Why study media? Contemporary educators and critics have identified a number of important reasons. Canada's Association for Media Literacy suggests that there are six reasons why contemporary students need to pursue media literacy-a concept Canadians refer to as mediacy.
- media dominate our political and cultural lives
- almost all information beyond direct experience is "mediated"
- media provide powerful models for values and behavior
- media influence us without our being aware
- media literacy can increase our enjoyment of media
- media literacy can make a passive relationship active
The critical tradition
It is important to note that in spite of the contemporary feel of the phrase media studies, promoting a critical awareness of both medium and message is hardly a new concept. At The Catholic University of America, our Media Studies department insists not only that students explore and discuss contemporary ideas about the media, but that students read and write about some of the West's earliest media critics.
Plato tells us in the Phaedrus, for example, that Thoth (the Egyptian counterpart to Mercury and Hermes), excited by his invention of "writing," presented this novelty on a heavy piece of parchment to the Pharaoh Thamus, and praised his new technique loudly, claiming that it would allow mankind to remember what they were otherwise doomed to forget: family histories, herd counts, real estate deals. But the Pharaoh was not so satisfied. "My skillful Thoth," he said, "memory is a great gift that ought to be kept alive by training it continuously. With your invention people will not be obliged any longer to train memory. They will remember things not because of an internal effort, but by mere virtue of an external device. They will become lazy, and slothful."
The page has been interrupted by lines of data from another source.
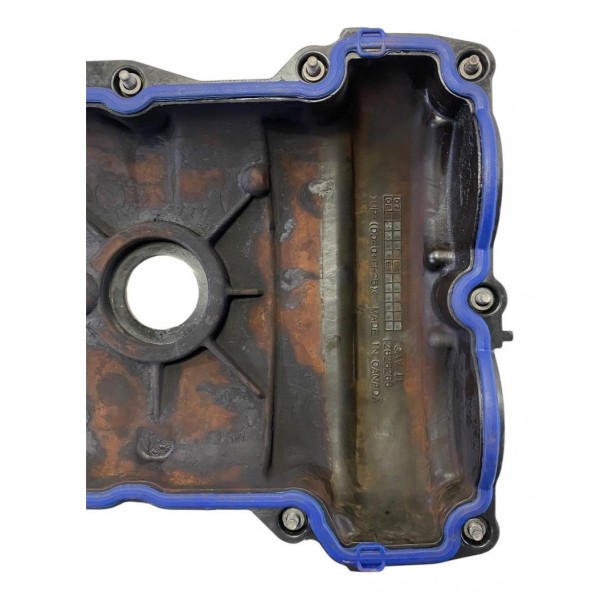 Tampa Cabeçote Chevrolet Captiva 3.6 V6 2009 Original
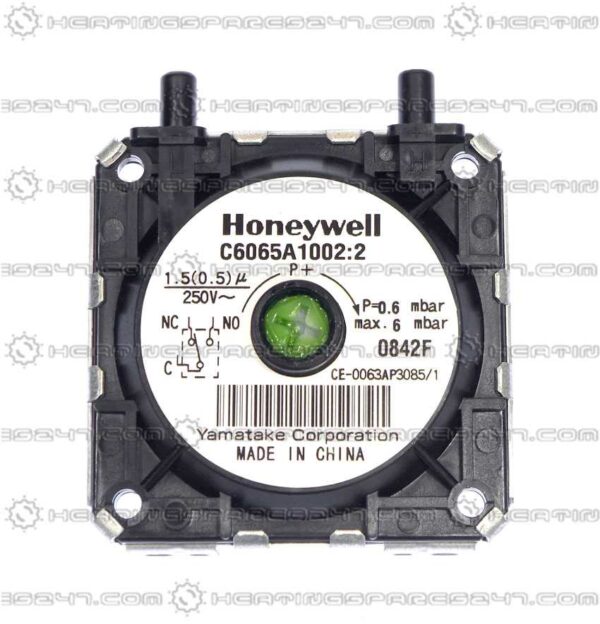 Glowworm Air Pressure Switch S230000
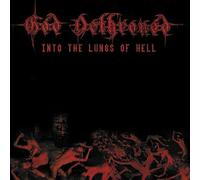 God Dethroned - Into the Lungs of Hell [Vinilo]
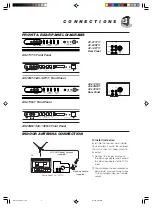 Preview for 3 page of JVC 0303-NIC-JMT Instructions Manual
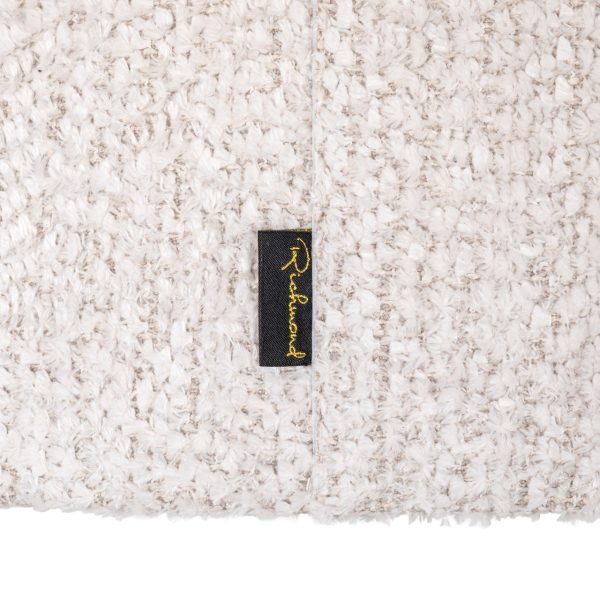 Lampenkap Marly lovely cream 50Ø Richmond Interiors - Afbeelding 2
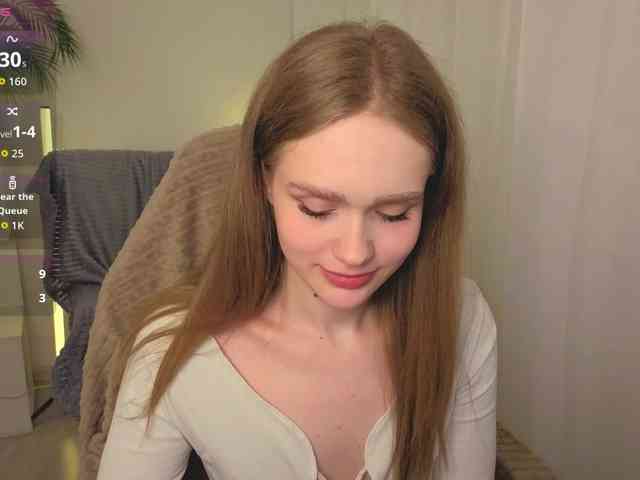 FlirtyPixy webcam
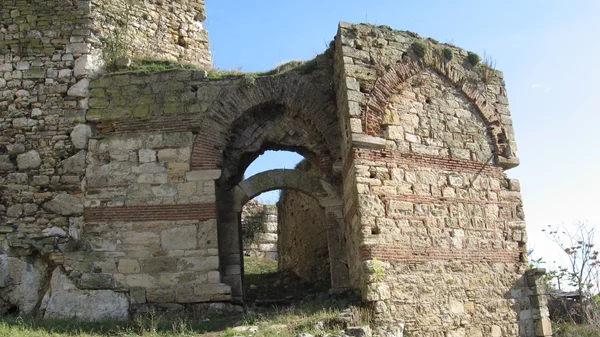 ΥΠΠΟ: Στρατηγικός σχεδιασμός για την αποκατάσταση του Κάστρου στο Διδυμότειχο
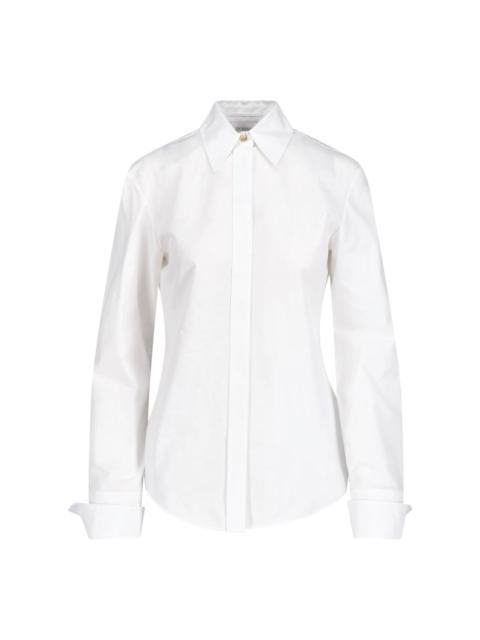 Sportmax COTTON SHIRT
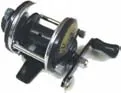 Deluxe Mini Baitcast Reel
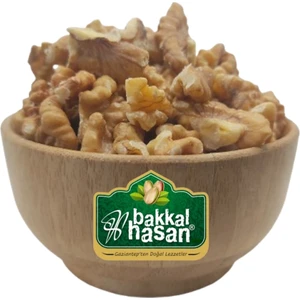 Bakkal Hasan Ceviz içi Kırık 250 gr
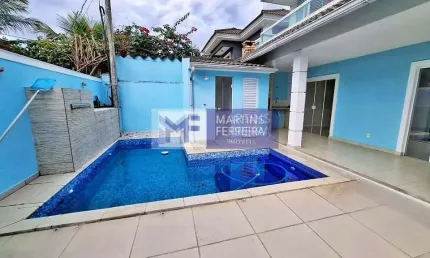 Casa para locação, Vargem Pequena, Rio de Janeiro, RJ
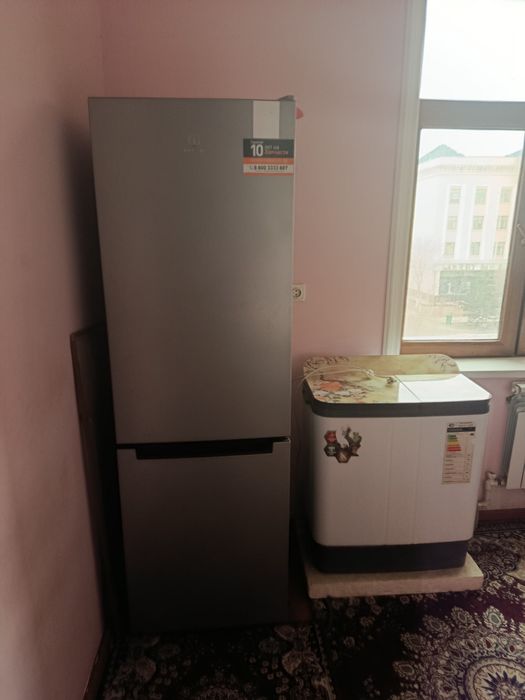 2 xonali kvartira ijaraga beriladi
Among the myriad changes Disney made to Hugo's massive Hunchback of Notre Dame was the deletion of a very poignant moment of media criticism. Hugo's sprawling romance takes place less than 15 years after the invention of the printing press. "Ceci tuera cela," observes a despondent Judge Frollo, as he points first to a newly-printed book, and then to the towers of his church. "This will kill that:" The printed word, he fears, will change mankind radically, and institutions like the Church may suffer.